What the task requires: Begin at the line below that has "Worcester Rugby Club Address Contact Number" and stop after the line that has "Shein Elegant Colorful". Please restate only those lines, word for word.

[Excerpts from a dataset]

━━━

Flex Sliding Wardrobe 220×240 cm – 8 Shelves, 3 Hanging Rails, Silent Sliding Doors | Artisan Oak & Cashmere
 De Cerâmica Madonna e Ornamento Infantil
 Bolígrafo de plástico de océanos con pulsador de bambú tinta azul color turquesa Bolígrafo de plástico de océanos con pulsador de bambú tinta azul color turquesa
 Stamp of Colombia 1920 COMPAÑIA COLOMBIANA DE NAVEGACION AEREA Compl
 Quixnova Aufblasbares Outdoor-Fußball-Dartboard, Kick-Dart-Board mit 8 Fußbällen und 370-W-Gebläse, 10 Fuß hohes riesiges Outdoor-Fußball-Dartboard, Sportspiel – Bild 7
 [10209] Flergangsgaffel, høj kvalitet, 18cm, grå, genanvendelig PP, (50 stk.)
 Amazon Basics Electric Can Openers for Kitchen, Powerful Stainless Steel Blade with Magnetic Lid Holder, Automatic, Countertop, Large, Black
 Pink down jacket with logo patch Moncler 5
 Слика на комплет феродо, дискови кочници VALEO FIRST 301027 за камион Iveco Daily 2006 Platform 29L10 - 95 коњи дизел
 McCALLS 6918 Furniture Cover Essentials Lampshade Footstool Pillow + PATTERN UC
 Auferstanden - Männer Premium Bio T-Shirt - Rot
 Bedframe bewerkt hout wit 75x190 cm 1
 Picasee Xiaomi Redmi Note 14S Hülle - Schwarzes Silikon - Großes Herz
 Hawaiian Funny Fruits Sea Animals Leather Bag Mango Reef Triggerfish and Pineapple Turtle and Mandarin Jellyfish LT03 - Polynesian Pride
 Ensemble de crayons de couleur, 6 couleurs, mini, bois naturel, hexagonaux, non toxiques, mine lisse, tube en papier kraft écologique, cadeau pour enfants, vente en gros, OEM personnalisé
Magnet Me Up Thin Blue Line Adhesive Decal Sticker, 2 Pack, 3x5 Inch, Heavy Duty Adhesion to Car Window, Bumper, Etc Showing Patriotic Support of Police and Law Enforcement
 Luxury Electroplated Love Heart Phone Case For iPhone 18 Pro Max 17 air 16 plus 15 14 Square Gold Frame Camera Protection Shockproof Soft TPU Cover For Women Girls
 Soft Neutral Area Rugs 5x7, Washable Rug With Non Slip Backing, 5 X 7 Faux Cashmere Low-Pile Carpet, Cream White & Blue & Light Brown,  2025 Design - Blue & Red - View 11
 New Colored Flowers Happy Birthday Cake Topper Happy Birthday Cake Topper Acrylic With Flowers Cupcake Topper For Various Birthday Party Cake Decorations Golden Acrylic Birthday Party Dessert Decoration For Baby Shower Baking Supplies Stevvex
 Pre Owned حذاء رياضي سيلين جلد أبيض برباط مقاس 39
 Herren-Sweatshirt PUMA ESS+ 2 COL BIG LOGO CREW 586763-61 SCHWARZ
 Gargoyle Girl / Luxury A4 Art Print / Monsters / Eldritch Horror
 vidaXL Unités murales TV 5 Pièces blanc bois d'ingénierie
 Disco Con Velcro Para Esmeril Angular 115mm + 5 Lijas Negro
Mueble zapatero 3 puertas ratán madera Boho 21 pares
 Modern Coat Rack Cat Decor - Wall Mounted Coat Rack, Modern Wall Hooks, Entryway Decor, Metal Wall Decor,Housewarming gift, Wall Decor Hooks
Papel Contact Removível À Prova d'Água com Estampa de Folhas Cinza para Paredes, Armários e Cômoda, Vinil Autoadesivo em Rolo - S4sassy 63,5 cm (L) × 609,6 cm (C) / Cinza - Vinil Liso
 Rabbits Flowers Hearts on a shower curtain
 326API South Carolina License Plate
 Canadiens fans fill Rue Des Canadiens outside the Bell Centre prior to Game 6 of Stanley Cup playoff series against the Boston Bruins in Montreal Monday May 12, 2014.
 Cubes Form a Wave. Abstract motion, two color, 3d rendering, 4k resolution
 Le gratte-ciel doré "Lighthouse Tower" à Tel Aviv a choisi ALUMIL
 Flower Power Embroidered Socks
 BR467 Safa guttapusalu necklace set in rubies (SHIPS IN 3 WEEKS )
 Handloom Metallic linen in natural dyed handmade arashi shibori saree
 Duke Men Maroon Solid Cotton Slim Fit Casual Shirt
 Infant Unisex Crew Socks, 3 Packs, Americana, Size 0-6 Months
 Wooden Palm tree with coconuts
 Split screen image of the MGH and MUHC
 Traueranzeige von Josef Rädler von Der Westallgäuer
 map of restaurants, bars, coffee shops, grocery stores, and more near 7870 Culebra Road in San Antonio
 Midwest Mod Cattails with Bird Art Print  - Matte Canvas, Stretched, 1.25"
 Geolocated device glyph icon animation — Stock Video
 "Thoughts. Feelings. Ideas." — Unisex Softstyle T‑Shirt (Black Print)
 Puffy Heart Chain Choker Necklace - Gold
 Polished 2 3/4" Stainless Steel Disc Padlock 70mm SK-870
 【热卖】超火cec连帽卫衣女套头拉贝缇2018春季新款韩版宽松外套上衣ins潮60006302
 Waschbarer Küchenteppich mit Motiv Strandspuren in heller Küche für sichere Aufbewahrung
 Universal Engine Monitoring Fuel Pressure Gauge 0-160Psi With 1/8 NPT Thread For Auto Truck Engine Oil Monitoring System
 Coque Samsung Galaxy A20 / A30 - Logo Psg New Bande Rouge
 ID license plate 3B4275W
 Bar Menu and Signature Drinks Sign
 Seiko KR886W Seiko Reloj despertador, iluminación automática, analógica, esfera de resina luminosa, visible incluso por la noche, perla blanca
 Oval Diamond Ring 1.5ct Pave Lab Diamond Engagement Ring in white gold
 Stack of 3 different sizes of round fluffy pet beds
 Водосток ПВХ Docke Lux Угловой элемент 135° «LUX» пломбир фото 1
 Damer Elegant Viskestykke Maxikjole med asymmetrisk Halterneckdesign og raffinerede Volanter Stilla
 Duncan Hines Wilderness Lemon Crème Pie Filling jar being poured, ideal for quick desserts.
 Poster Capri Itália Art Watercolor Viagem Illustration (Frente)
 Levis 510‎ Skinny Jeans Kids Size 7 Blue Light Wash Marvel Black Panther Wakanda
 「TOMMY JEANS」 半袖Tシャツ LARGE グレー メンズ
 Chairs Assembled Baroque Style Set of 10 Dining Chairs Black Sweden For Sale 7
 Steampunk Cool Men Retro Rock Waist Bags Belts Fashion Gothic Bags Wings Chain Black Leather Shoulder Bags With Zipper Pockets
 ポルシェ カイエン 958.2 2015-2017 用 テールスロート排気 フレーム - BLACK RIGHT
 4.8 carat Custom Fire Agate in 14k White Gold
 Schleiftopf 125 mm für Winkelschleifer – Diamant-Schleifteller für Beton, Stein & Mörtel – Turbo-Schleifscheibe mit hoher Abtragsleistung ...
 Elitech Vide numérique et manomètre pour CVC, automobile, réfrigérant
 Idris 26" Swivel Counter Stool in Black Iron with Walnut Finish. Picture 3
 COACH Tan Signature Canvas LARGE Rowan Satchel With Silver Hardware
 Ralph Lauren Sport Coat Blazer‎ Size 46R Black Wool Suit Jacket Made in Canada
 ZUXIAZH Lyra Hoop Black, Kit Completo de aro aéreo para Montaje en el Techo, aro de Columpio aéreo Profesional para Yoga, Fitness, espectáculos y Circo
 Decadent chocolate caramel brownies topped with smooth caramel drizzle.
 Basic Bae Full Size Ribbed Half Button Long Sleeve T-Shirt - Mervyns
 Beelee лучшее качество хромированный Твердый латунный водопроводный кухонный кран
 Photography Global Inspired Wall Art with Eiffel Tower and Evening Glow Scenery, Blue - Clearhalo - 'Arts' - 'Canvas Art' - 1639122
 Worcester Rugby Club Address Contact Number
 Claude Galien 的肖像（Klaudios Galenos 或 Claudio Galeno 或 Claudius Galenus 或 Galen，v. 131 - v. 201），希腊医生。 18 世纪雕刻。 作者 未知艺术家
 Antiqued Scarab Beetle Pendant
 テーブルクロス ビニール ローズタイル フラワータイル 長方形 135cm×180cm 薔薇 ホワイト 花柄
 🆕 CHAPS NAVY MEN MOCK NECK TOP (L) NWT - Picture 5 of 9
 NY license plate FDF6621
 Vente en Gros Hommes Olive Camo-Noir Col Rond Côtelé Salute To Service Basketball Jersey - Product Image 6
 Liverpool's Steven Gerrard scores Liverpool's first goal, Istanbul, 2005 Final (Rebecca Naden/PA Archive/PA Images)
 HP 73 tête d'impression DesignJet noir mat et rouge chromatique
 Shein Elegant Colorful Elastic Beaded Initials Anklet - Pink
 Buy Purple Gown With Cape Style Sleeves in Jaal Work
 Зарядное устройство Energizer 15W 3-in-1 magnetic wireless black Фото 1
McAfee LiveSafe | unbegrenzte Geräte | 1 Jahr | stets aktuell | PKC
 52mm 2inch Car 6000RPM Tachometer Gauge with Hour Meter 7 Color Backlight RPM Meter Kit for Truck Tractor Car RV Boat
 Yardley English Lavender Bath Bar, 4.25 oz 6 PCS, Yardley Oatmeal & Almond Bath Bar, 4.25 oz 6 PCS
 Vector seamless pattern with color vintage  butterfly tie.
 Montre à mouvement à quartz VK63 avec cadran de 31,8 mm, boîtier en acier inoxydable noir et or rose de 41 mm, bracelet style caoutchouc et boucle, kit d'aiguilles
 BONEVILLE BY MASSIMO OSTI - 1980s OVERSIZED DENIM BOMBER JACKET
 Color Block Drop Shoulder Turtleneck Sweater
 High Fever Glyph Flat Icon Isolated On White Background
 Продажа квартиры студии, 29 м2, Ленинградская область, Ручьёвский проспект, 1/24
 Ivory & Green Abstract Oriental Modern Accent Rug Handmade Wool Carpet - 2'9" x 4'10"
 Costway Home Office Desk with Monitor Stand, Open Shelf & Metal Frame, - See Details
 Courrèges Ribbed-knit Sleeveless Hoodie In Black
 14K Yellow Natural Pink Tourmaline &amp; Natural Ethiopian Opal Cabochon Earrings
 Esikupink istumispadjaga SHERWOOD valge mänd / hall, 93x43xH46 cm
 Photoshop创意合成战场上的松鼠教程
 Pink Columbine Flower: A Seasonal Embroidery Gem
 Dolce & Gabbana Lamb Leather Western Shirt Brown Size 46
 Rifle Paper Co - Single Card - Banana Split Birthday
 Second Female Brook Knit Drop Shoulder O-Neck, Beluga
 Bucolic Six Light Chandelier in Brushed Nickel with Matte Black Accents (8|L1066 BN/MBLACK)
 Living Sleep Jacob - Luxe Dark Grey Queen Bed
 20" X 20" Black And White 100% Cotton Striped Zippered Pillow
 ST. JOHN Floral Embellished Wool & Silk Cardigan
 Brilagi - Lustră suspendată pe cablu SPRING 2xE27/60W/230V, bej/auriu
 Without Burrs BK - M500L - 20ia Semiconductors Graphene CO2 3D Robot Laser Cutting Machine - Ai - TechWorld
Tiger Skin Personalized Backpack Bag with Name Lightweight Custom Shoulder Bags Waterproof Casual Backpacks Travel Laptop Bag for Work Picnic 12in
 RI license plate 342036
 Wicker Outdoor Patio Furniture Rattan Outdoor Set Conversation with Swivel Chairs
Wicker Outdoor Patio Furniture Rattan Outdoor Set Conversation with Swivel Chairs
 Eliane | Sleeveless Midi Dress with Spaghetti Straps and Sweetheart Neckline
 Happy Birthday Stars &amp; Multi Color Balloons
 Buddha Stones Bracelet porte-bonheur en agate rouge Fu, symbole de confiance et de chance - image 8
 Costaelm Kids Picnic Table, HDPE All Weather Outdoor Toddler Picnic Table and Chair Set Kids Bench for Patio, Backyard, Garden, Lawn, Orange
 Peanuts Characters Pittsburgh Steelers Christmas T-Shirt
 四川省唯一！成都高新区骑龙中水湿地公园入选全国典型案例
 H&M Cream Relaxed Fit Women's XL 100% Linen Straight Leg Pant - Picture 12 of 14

━━━

Expected answer:
 Worcester Rugby Club Address Contact Number
 Claude Galien 的肖像（Klaudios Galenos 或 Claudio Galeno 或 Claudius Galenus 或 Galen，v. 131 - v. 201），希腊医生。 18 世纪雕刻。 作者 未知艺术家
 Antiqued Scarab Beetle Pendant
 テーブルクロス ビニール ローズタイル フラワータイル 長方形 135cm×180cm 薔薇 ホワイト 花柄
 🆕 CHAPS NAVY MEN MOCK NECK TOP (L) NWT - Picture 5 of 9
 NY license plate FDF6621
 Vente en Gros Hommes Olive Camo-Noir Col Rond Côtelé Salute To Service Basketball Jersey - Product Image 6
 Liverpool's Steven Gerrard scores Liverpool's first goal, Istanbul, 2005 Final (Rebecca Naden/PA Archive/PA Images)
 HP 73 tête d'impression DesignJet noir mat et rouge chromatique
 Shein Elegant Colorful Elastic Beaded Initials Anklet - Pink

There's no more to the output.